Da wirbt eine Kaufhauskette für günstige Negligés. Zu sehen ist eine Frau, die ein solches Teil anhat. Wie sollte der Kaufanreiz auch sonst präsentiert werden? "Etwa dadurch, dass einfach nur das Produkt gezeigt wird", meinte eine Besucherin. Denn mit der Frau, die das Plakat natürlich optisch aufhübscht, werden ihre Geschlechtsgenossinnen in ein bestimmtes Rollenverhalten gezwängt. Jung, schön, verfügbar. Diesen Subtext gelte es aus der Werbung zu verbannen. Und das nicht nur wenn es um Klamotten geht. Natürlich wird auch die verführerische Eva, die dem Kunden eine Eissorte nahe bringen soll, zu dieser Kategorie gezählt. Und sogar ein älteres Ehepaar. Bei ihm missfällt, dass die Frau dem Mann einen Kochlöffel zwecks probieren des Mittagsmahls reicht. Ein klarer Fall von Klischee, findet auch der Begleittext. Sie spielt den Part der Hausgemahlin, er den des Ernährers.
So durchdekliniert, erfüllen natürlich alle Plakate den Tatbestand nicht gewünschter Werbemotive. Sie stehen für das aktuelle gesellschaftliche Klima, beklagte Bürgermeisterin Monika Herrmann (B 90/Grüne). Werte, die Frauenrechtlerinnen und der Feminismus erkämpft haben, werden wieder in Frage gestellt. Dagegen wende sich Friedrichshain-Kreuzberg mit seiner Kampagne.
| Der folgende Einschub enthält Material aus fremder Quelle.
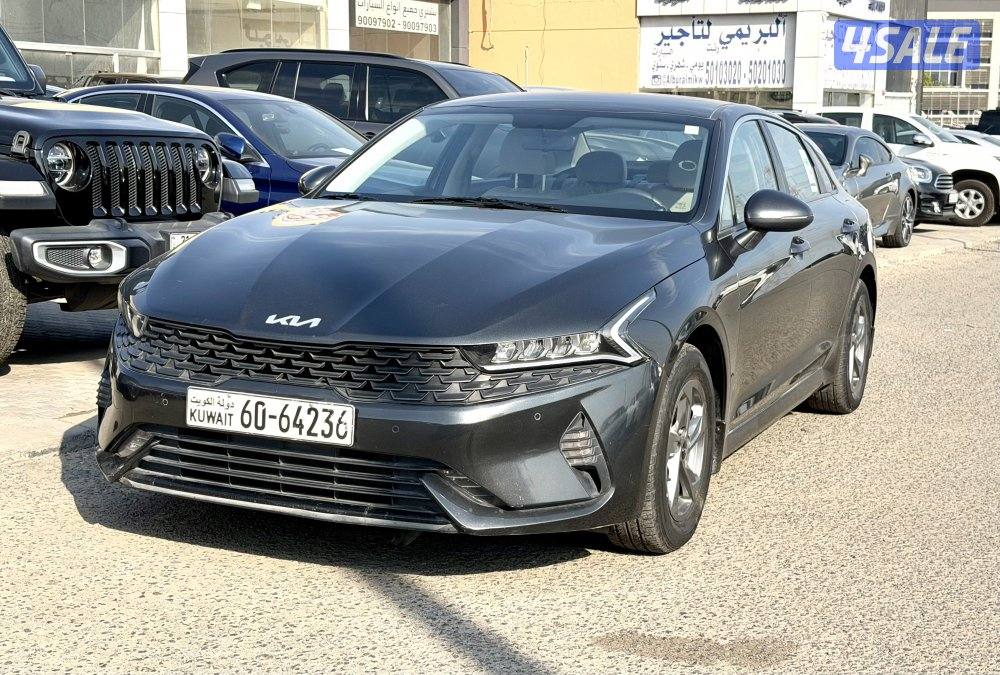 كيا ك5 وكالة الكويت 20223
Wie das konkret aussehen soll, erklärte die Gleichstellungsbeauftragte Petra Koch-Knöbel. Inzwischen habe sich eine Arbeitsgruppe gebildet, aus der wiederum eine Jury hervorgehen wird. Ihr sollen Initiativen aus dem frauenpolitischen Spektrum, dem Lesben- und Schwulenverband sowie Migrantenorganisationen angehören. Dieser "Sittenrat" entscheidet dann, welche Werbung als anstößig gilt. Er werde seine Beobachtungen auch nicht auf die wenigen Großflächen beschränken, auf die der Bezirk als Eigentümer direkten Zugriff hat. Vielmehr habe er insgesamt ein Augenmerk auf Reklame im öffentlichen Raum. Und am besten nicht allein auf Friedrichshain-Kreuzberg beschränkt. Auch andere Bezirke sollen zu ähnlichen Initiativen animiert werden. "Wir haben im Sommer mehrere Klagen über die großflächige Werbung für ein Bordell bekommen", berichtete Petra-Koch-Knöbel. Der Puff und die dazugehörige Propaganda befanden sich allerdings in Pankow.
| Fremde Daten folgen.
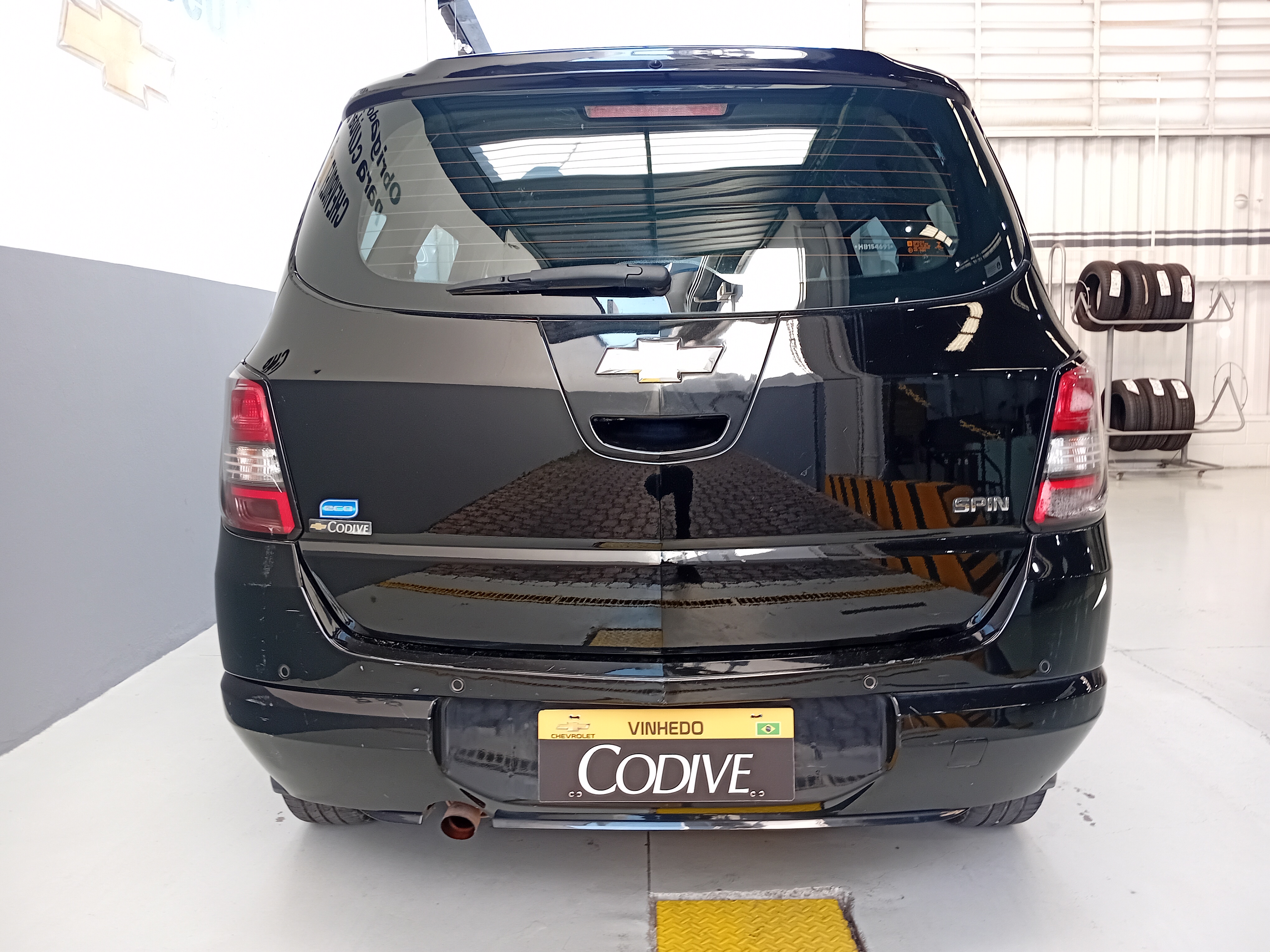 SPIN 1.8 LT 8V FLEX 4P AUTOMÁTICO5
Denkt man diesen Feldzug zu Ende macht er eigentlich mit umgekehrten Vorzeichen nur das, was er der Werbeindustrie vorwirft. Nämlich ein bestimmtes Rollenmuster als allein gültiges zu postulieren und dabei nur die Ansichten einer bestimmten Gruppe gelten zu lassen. Denn einen allgemeinen Konsens wird es darüber sicher nicht geben. Damit entscheidet eine Minderheit, was die Mehrheit zu sehen bekommt.